An Anglican leader is urging state schools to ditch the Bible in Schools programme as he believes it is trying to create a loophole around the New Zealand Bill of Rights.
St Matthew in the City Reverend Clay Nelson has joined the atheist run-Secular Education Network in a bid to get the religious education programme out of the country's primary and secondary schools.
Nelson said the programme is an imposition on the human rights of children as it restricts the freedom of other religions which is protected under the Bill of Rights.
"The biggest reason is the issue of human rights," Nelson told TV ONE's Breakfast.
"We believe in freedom of religion and to have Bibles in public schools is in an imposition on the religious freedom of others.

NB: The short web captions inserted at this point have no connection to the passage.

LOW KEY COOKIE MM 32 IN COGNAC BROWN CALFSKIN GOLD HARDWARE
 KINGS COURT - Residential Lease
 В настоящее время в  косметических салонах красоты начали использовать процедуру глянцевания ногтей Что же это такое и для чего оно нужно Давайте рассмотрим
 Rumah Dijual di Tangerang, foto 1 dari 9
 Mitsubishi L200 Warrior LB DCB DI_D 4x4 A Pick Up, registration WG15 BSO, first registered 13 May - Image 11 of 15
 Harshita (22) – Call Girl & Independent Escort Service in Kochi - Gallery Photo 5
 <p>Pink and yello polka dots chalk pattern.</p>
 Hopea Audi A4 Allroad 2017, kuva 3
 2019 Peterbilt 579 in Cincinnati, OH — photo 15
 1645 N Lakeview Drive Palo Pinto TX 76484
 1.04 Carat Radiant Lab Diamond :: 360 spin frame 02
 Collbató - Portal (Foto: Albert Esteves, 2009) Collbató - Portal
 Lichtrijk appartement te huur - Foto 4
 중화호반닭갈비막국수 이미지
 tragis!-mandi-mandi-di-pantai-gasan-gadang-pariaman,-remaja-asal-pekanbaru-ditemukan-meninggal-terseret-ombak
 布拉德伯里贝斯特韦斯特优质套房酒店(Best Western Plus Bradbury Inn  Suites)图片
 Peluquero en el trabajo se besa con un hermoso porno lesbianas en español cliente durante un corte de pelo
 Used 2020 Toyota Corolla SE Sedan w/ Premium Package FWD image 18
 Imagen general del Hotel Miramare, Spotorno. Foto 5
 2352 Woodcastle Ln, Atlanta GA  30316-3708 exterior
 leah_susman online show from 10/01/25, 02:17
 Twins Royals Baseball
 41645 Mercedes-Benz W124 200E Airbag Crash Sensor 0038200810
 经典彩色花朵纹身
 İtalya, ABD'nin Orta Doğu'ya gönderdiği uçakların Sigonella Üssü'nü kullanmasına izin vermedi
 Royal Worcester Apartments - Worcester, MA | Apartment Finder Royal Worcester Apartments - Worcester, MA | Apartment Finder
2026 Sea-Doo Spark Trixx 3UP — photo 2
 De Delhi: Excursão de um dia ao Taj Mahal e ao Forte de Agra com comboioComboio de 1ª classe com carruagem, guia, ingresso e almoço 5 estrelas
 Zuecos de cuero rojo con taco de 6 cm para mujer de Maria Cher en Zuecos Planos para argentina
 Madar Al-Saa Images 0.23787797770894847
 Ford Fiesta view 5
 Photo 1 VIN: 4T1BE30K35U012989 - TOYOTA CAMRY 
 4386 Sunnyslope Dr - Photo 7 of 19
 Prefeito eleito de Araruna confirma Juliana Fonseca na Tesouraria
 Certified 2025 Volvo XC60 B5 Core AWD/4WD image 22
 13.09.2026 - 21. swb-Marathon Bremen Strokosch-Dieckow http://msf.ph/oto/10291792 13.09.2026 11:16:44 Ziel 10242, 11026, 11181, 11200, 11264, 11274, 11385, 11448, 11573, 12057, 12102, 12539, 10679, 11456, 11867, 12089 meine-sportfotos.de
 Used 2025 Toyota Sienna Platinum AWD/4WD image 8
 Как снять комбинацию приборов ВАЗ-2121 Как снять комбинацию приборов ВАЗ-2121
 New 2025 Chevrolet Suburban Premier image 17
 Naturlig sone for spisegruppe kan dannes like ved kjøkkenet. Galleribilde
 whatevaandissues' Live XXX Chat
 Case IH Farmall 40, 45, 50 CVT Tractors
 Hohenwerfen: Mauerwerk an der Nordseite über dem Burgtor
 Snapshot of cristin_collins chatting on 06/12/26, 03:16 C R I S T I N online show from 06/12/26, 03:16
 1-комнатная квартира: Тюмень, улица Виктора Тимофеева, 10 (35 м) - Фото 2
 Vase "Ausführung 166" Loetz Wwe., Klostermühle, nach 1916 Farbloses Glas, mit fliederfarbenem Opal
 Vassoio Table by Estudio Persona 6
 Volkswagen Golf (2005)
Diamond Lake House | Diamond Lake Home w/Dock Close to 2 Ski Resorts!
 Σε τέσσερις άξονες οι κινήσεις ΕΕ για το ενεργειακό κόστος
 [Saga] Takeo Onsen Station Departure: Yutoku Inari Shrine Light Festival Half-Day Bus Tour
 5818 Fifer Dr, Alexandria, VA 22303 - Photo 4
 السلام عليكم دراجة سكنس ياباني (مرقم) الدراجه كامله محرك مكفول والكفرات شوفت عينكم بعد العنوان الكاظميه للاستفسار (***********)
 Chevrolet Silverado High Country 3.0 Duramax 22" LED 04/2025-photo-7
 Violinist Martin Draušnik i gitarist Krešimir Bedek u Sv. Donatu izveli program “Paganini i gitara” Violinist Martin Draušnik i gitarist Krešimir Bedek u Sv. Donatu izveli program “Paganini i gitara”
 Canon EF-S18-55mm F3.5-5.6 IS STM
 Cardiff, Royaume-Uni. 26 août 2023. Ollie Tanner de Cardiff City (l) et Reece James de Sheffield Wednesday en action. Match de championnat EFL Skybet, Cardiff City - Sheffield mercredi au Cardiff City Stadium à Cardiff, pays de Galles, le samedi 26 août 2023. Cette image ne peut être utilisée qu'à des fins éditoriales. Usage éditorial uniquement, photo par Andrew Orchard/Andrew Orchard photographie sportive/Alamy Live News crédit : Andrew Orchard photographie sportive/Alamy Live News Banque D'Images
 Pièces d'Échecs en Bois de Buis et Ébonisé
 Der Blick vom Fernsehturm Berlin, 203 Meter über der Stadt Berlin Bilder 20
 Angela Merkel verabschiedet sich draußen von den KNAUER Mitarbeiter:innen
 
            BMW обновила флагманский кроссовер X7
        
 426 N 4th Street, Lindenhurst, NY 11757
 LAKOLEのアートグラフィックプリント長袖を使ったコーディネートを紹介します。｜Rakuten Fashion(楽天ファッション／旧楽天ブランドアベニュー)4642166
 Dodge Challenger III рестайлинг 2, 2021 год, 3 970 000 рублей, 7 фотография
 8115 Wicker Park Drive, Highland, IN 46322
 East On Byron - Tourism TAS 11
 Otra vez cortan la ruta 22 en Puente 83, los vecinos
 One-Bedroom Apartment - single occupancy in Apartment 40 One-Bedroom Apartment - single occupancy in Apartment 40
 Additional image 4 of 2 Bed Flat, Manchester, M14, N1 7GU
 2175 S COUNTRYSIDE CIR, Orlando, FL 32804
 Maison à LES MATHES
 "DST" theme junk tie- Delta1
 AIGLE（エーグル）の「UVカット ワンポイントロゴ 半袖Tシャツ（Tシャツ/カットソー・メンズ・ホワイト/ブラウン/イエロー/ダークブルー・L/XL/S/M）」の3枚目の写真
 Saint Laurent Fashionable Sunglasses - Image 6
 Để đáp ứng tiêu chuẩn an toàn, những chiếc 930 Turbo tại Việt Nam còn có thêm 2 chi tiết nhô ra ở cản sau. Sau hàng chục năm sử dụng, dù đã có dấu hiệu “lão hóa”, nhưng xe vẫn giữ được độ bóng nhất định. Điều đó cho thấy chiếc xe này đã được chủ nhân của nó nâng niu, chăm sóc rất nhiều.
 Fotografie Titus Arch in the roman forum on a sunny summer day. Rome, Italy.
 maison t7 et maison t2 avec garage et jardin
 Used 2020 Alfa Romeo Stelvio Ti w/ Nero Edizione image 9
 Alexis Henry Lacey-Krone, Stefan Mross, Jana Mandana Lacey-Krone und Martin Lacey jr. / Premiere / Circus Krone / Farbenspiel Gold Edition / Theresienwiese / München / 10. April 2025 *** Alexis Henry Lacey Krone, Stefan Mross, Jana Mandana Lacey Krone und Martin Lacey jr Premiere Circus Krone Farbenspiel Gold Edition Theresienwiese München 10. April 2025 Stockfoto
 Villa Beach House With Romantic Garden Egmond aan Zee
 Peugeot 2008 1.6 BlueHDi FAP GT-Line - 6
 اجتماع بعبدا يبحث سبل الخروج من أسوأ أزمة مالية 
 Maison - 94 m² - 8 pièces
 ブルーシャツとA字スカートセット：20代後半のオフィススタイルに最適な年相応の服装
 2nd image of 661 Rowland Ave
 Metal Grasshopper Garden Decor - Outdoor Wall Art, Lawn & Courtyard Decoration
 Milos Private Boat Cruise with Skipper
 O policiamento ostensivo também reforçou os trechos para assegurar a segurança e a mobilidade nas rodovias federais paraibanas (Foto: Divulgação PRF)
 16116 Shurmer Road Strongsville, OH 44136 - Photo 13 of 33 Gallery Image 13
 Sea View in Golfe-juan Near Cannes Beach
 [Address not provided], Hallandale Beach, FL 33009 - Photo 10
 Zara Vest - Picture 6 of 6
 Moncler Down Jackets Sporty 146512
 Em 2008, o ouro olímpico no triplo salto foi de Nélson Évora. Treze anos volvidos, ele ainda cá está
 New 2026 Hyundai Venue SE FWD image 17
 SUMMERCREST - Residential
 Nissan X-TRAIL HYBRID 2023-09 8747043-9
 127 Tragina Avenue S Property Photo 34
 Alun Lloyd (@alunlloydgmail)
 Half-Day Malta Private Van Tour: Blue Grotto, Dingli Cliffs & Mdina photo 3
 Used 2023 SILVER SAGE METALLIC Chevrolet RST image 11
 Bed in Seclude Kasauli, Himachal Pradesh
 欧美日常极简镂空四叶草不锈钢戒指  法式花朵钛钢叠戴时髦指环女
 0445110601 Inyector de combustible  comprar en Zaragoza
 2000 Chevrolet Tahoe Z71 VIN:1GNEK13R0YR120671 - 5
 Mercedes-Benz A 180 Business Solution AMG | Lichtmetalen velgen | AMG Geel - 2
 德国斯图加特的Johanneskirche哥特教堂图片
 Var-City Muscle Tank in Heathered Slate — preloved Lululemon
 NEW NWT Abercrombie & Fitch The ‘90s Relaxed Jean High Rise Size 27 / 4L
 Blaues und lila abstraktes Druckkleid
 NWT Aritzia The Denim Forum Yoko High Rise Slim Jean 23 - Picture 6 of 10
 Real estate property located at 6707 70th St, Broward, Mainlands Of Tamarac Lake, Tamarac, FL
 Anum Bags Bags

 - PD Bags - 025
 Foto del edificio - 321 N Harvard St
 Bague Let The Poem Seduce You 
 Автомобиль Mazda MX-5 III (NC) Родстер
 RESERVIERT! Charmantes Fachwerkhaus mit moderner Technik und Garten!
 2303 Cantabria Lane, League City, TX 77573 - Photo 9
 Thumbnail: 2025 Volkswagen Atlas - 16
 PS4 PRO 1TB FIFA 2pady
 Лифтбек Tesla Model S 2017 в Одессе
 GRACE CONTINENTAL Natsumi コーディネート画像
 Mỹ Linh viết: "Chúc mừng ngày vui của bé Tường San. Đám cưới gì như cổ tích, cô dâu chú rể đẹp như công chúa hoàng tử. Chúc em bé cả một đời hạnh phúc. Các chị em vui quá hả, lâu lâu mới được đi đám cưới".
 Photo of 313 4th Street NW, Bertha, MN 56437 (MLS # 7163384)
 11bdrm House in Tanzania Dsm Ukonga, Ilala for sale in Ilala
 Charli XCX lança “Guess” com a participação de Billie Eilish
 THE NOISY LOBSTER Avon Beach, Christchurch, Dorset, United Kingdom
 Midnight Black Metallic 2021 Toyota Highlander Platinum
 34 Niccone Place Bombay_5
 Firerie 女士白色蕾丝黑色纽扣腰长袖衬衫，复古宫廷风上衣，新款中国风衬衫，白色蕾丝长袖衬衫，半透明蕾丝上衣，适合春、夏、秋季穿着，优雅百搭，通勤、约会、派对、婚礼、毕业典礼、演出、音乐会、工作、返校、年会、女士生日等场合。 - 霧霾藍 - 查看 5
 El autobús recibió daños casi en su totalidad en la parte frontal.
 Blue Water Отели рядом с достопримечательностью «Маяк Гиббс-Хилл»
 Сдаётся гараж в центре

To have religious freedom you have to have freedom from the religion of others."
Parents have the option of taking their children out of religions education classes but Nelson said this can leave children subjected to intimidation.
He said he had spoken to parents whose children, some as young as six-years-old, had been coerced or intimidated by teachers and students.
"Somehow I don't think these are the values we want to teach in a value-orientated class," he said.
Nelson said calls to teach a range of religions in schools was ideal in theory but could quickly become a "political hot potato".
He said he had tried to set up a similar programme to give children a taste of the world's religions in the United States but it was difficult for religious leaders to agree on the curriculum.
The Bibles in Schools programme has been supplied by the Churches Education Commission since 1973.
It says it is appropriate to give particular emphasis to the Christian faith in New Zealand because of its "pervasive influence through our cultural heritage and history, and continuing power and relevance".